No, that is not a viable solution. As you observed, it doesn't scale. For a 
fixed length field of 10, we would need to specify something like 10-factorial 
alternatives (or is it 2^^10 alternatives?) in dfdl:nilValue.

/Roger

-----Original Message-----
From: Steve Lawrence <slawre...@apache.org> 
Sent: Wednesday, August 10, 2022 8:25 AM
To: users@daffodil.apache.org
Subject: [EXT] Re: Conflicting requirements: fixed length field, nillable, some 
enumeration values shorter than the required length

I'm not sure I love this possibles solution, and it doesn't scale very 
well, but what about something like this:

   <element name="field" type="xs:string" nillable="true"
     dfdl:lengthKind="explicit"
     dfdl:length="3"
     dfdl:textStringJustification="left"
     dfdl:textTrimKind="padChar"
     dfdl:textPadKind="padChar"
     dfdl:textStringPadCharacter="%SP;"
     dfdl:nilKind="literalValue"
     dfdl:nilValue="- %SP;- %SP;%SP;-" />

So the field is left-justified and right-padded with spaces. Left padded 
spaces are not trimmed, so a field like " A " will show up in the 
infoset with the left space and fail validation. And the nilValue is set 
to all the combinations of the nil character preceded with a space.

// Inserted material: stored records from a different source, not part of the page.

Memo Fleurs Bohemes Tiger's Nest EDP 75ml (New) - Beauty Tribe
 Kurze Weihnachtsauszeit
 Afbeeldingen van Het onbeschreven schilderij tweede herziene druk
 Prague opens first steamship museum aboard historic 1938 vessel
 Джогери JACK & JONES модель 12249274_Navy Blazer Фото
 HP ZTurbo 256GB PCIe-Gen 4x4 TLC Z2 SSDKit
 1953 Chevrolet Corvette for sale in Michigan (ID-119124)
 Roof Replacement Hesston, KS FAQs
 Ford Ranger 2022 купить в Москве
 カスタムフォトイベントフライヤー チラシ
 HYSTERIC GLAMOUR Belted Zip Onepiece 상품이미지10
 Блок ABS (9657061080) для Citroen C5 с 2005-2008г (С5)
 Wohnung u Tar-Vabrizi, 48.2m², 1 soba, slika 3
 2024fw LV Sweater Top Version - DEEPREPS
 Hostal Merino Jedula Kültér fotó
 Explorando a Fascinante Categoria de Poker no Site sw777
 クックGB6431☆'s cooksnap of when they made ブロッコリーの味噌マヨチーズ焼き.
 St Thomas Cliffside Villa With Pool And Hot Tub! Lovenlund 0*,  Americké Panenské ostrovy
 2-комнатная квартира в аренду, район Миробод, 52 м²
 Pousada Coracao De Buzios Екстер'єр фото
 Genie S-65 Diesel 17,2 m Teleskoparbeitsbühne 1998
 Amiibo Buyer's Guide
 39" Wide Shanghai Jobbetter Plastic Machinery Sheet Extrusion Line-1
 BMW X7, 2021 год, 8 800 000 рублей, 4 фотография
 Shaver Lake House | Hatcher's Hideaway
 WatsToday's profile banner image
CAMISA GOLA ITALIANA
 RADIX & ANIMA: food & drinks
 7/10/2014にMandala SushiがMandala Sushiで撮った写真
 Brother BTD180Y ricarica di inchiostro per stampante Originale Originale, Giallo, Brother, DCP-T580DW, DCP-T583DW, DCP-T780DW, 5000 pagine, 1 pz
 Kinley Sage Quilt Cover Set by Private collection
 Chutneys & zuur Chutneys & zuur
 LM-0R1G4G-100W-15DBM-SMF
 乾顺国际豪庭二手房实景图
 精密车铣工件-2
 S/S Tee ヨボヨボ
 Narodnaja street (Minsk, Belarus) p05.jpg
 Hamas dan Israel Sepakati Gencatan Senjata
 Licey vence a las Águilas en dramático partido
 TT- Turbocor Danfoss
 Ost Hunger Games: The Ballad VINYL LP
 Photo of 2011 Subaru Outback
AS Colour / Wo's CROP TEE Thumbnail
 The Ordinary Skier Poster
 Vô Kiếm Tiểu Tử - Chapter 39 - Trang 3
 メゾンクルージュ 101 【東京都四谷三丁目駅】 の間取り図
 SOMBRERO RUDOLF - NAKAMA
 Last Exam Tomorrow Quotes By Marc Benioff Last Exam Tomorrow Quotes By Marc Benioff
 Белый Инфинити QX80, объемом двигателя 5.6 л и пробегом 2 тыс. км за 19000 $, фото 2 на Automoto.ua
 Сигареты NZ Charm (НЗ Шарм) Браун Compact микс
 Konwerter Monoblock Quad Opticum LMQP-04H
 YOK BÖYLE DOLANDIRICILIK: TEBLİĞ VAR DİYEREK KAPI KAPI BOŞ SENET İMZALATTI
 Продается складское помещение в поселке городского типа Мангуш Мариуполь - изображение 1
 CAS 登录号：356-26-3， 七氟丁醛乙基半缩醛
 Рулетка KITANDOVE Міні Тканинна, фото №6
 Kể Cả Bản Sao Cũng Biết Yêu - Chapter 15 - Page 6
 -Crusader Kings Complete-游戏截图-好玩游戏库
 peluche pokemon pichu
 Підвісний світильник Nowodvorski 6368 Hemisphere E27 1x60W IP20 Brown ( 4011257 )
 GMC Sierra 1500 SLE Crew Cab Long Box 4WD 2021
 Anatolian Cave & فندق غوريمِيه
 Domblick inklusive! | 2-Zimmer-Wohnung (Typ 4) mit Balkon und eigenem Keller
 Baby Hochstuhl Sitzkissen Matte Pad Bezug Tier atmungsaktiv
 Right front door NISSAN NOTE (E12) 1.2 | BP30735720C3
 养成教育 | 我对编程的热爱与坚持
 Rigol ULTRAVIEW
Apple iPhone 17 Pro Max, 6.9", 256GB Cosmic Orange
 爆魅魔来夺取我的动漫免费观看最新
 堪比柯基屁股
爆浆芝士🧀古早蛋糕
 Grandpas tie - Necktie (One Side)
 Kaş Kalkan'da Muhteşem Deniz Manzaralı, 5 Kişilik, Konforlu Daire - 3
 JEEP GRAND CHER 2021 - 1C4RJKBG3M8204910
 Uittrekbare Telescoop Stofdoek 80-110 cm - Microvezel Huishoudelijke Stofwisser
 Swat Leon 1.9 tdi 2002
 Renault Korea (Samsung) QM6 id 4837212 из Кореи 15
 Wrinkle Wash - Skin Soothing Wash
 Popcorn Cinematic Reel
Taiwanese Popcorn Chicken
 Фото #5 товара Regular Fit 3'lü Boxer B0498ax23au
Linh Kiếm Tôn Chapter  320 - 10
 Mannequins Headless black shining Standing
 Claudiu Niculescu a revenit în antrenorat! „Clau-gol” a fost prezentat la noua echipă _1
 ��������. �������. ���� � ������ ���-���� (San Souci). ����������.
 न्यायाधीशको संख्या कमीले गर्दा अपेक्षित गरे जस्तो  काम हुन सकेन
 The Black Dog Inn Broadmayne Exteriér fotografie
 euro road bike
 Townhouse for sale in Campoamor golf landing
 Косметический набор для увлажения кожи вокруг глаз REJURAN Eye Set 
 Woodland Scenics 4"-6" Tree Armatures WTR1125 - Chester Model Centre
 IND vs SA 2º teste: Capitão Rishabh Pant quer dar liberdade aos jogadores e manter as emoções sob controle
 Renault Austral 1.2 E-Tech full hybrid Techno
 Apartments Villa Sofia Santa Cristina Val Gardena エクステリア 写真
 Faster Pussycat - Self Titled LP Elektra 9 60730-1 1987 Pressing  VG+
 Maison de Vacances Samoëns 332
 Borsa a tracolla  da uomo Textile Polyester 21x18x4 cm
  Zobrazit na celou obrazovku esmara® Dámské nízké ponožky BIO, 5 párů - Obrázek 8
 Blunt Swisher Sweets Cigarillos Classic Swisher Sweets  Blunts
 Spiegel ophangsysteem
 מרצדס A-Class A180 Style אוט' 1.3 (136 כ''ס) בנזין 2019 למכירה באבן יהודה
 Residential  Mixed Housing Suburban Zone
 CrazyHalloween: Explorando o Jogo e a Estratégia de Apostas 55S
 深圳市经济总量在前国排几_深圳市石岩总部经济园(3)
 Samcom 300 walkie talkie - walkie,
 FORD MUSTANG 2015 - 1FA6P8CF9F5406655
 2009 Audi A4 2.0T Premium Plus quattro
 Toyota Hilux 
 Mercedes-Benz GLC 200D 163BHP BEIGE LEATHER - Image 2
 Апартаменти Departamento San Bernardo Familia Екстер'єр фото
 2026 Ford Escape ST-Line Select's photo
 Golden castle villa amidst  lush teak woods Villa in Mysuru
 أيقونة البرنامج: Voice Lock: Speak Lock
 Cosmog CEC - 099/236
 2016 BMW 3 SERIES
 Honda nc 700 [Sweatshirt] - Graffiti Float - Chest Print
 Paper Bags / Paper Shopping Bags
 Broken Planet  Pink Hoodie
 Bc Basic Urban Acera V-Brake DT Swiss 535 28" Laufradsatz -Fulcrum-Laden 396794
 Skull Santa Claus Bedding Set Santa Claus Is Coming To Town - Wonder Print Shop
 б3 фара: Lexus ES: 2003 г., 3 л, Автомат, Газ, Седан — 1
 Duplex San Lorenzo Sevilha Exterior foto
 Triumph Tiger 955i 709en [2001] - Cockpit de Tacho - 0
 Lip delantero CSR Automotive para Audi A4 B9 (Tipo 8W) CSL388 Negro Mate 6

Like I said, this doesn't scale because you need N nilValues for a 
string of length N. And this scala at all for delimited length fields 
where you don't know the length of the field, unless you just add a 
bunch of nilValues up to some size.

If we had something like %SP*; (similar to how we have %WSP*;), then the 
nilValue could just be "%SP*;-" and this would scale without issue, and 
work for both fixed length and delimited length fields. I believe %SP*; 
has come up in the past, so this might be another argument to added it.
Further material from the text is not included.